Equal numbers of cells were plated in 10% FBS medium. On the next day, after removal of 10% FBS medium, cells were washed with PBS and incubated in serum-free medium for another 24 hours. RNA was then isolated from these cells for reverse transcription-PCR (RT-PCR) and subjected to quantitative PCR analyses (21). Semiquantitative RT-PCR was done as previously described (8) for which 0.5 μg total RNA (except 1 μg for ARTN) was used as template. Images of gel electrophoresis were acquired using UVP BioImaging Systems and LabWorks Image Acquisition and Analysis software version 4.0 (UVP, Inc.). Quantitative PCR was done as previously described and using the same primer sets (21). Changes in gene expression were expressed as fold change relative to the vector control.

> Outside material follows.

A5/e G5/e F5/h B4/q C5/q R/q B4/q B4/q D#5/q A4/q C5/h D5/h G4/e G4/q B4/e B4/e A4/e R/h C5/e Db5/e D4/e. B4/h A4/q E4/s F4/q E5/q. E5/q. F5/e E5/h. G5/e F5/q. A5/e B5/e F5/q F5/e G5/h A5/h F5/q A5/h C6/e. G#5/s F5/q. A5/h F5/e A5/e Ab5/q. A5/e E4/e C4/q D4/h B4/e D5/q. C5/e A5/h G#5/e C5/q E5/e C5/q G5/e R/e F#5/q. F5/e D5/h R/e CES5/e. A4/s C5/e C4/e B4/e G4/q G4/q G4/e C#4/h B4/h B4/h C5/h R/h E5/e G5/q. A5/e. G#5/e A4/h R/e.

Five millions cells were suspended in 150 μL Matrigel/PBS (1:1, v/v) and injected into the subscapular region of immunodeficient mice (Shanghai Slaccas Co.). Determination of tumor volume, S-phase entry (by bromodeoxyuridine incorporation), and apoptosis [by terminal deoxynucleotidyl transferase–mediated dUTP nick end labeling (TUNEL) immunostaining] and H&E staining were done as previously described (21). Liver and lung of sacrificed mice were fixed in 4% paraformaldehyde in PBS for histologic examination.
Luciferase reporter assay
BCL2 P1 promoter reporter construct (2 μg/well; ref. 18) was transfected using FuGENE HD reagent into 5 × 104 cells in 12-well plates; 0.4 μg/well pSV–β-galactosidase expression plasmid was cotransfected controlling for transfection efficiency. The cells were harvested in reporter lysis buffer (Promega Co.) 36 hours after transfection. Luminescence and β-galactosidase activity were quantified as previously described (22).

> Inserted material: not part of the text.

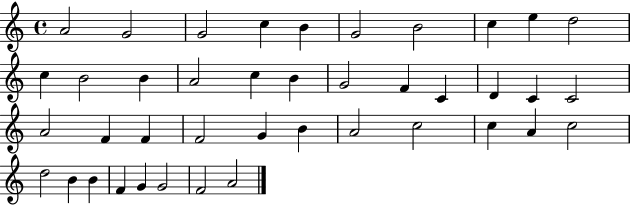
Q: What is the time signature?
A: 4/4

All experiments were repeated at least thrice, and the results of one representative experiment are shown. All data are expressed as means ± SE of triplicate determinants. Data analysis was conducted using an unpaired two-tailed t test.

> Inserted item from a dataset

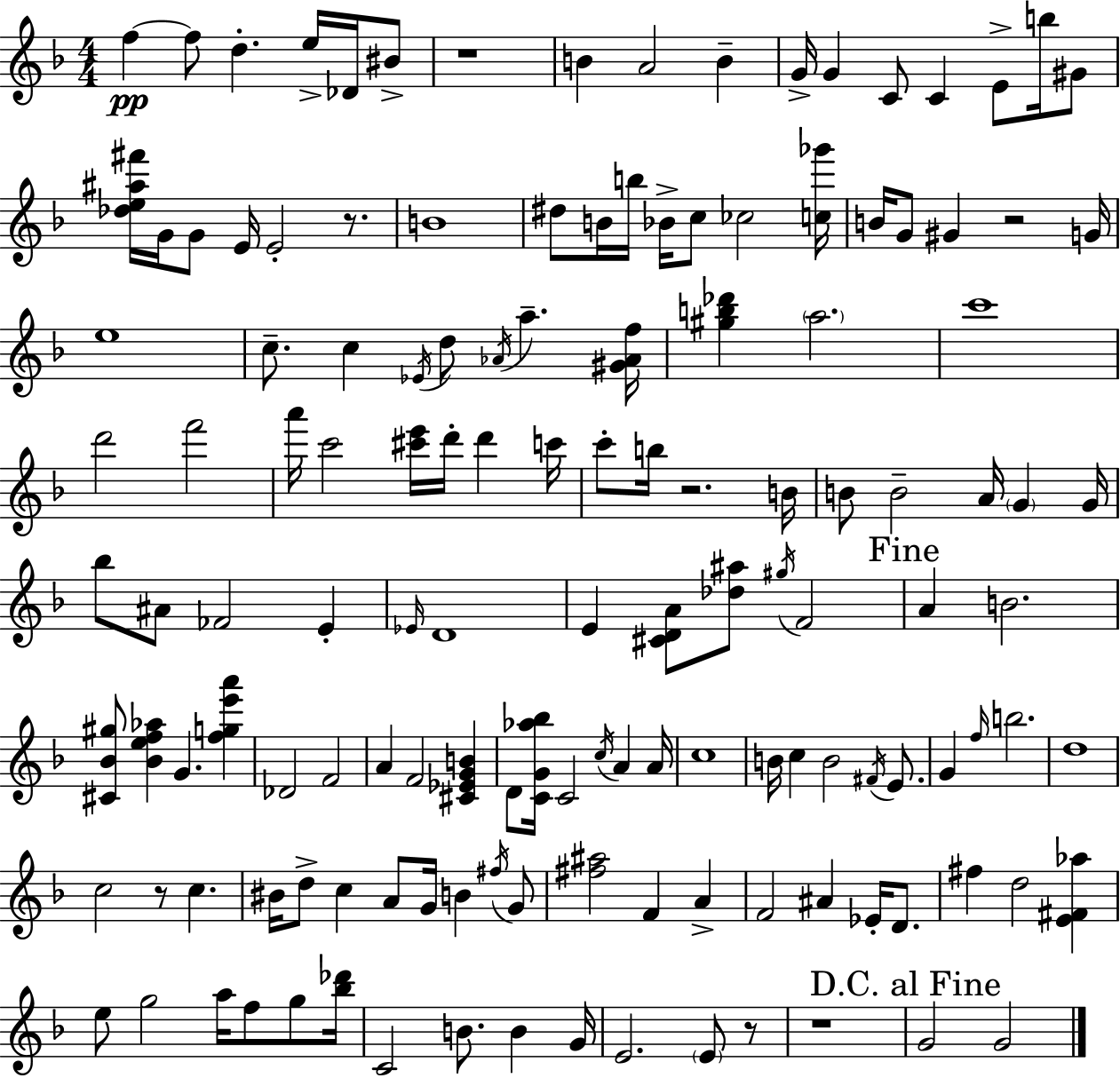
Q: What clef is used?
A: treble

ARTN, GFRA3, and RET are expressed in human NSCLC
To determine the expression of components of the ARTN signaling pathway in NSCLC, the mRNA expression of ARTN, GFRA1-A3 (encoding GFRA1-A3), and RET was determined by semiquantitative RT-PCR in a panel of five human NSCLC cell lines: H1299, H1975, H460, H2009, and A549. As observed in Fig. 1A (left), ARTN, GFRA3, and RET were detected in all examined cell lines, although at dissimilar expression levels. The expression levels of the remaining GFRA members varied greatly between cell lines. GFRA1 was only detected in H1299, H460, and A549 cells, and GFRA2 was only detected in H1975 and A549 cells.
The Oncomine database (23) harbors microarray-generated data on gene expression in human cancers. In this database, we examined the expression of ARTN, GFRA1-A3, and RET in normal and neoplastic lung tissues (Supplementary Table S1). ARTN expression was significantly increased in carcinoid, NSCLC (adenocarcinoma and squamous cell carcinoma), and small cell carcinoma compared with normal lung (Supplementary Table S1a). Increased expression of ARTN was also correlated positively with dedifferentiation in squamous cell carcinoma, increased lung carcinoma grade, and progression to N-stage squamous cell carcinoma but inversely with M-stage lung carcinoma (Supplementary Table S1b). ARTN expression was correlated to tobacco use in patients with lung carcinoma and wild-type Ras genotype in NSCLC (Supplementary Table S1b). The highest expression of ARTN was repeatedly reported in squamous cell carcinoma compared with any other subtypes of lung carcinoma (Supplementary Table S1b). For instance, Bild et al. showed that ARTN expression was 96% greater in squamous cell carcinoma than adenocarcinoma.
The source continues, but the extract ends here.